Immediately after the pragma (possibly separated by imports required by the module header's own arguments), the module is declared. The module name must match the filename under the src/ include root, with / replaced by .; e.g.,

  • src/Base.agdamodule Base where.
  • src/Setoid/Algebras/Basic.agdamodule Setoid.Algebras.Basic where.
  • src/Classical/Structures/Semigroup.agdamodule Classical.Structures.Semigroup where.

Parametrized modules declare their parameters in the header:

{-# OPTIONS --cubical-compatible --exact-split --safe #-}

open import Overture using ( 𝓞 ; 𝓥 ; Signature )

module Setoid.Algebras.Basic {𝑆 : Signature 𝓞 𝓥} where

The only imports allowed before the module header are those required to state the header's parameters (here, Overture's 𝓞, 𝓥, Signature).
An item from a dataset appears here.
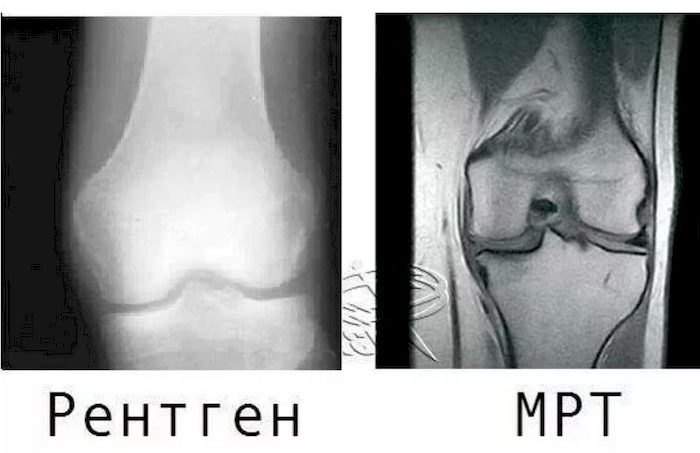 Отличие МРТ от снимка рентгенограммы
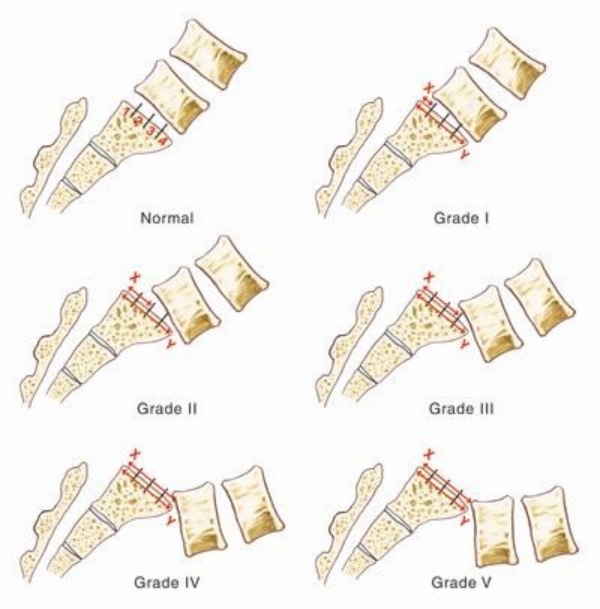 Hình 1: Phân loại trượt đốt sống theo Meyerding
All other imports go after the header.

Line length

Prefer lines of at most 100 characters. This is a soft limit: breaking a long type signature to respect it is almost always worth the extra line, while breaking an equational-reasoning chain is usually not.
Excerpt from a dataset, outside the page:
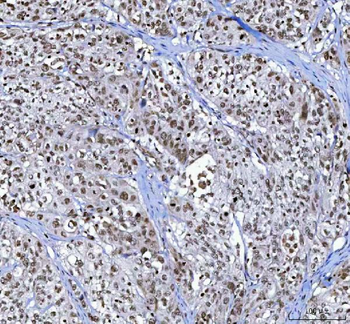Anti-Menin/MEN1 Antibody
Trailing whitespace and blank lines

  • Trailing whitespace is not allowed in Agda code, but is allowed in Markdown prose (to force a line break).
  • Files end in exactly one newline.
  • At most one consecutive blank line between top-level declarations.

(A .editorconfig file in the repo root would enforce these mechanically. Until one exists, we try to catch violations in review.)


Module structure and organization

One concept per module, where feasible

A module named Congruences is about congruences. A module named Products is about products. When a module grows to the point where it spans multiple mathematical concepts, split it along the conceptual line rather than an implementation-convenience line.

Umbrella modules re-export

A module whose name has no final segment past the conceptual theme (e.g. Base.Homomorphisms, Setoid.Algebras) acts as a barrel of submodules, which it re-exports (using the public keyword); e.g.,

{-# OPTIONS --cubical-compatible --exact-split --safe #-}

open import Overture using ( 𝓞 ; 𝓥 ; Signature )

module Setoid.Algebras {𝑆 : Signature 𝓞 𝓥} where

open import Setoid.Algebras.Basic          {𝑆 = 𝑆} public
open import Setoid.Algebras.Products       {𝑆 = 𝑆} public
open import Setoid.Algebras.Congruences    {𝑆 = 𝑆} public

Downstream modules open import Setoid.Algebras to get the whole theme and open import Setoid.Algebras.Basic to get a specific submodule, but we strongly prefer modules that import precisely what they need — see Imports below.

Classical structures quintuple

In upcoming versions of agda-algebras (to land in Milestone 3), each classical algebraic structure X will ship as a quintuple of modules under src/Classical/:

  • Classical/Signatures/X.agda: the signature (operation symbols + arities).
  • Classical/Theories/X.agda: the equational theory (the axioms as Theory 𝑆ₓ).
  • Classical/Structures/X.agda: the Σ-typed structure itself (polymorphic over levels).
  • Classical/Bundles/X.agda: the record-typed "bundle view" matching stdlib's Algebra.Bundles.X.
  • Classical/Small/Structures/X.agda: a level-fixed veneer at ℓ₀ for the common case.

This pattern is to be ratified in ADR-002 (to land with M3-1) and exemplified in Classical/Structures/Semigroup.agda (M3-2) as the pattern-setting first structure.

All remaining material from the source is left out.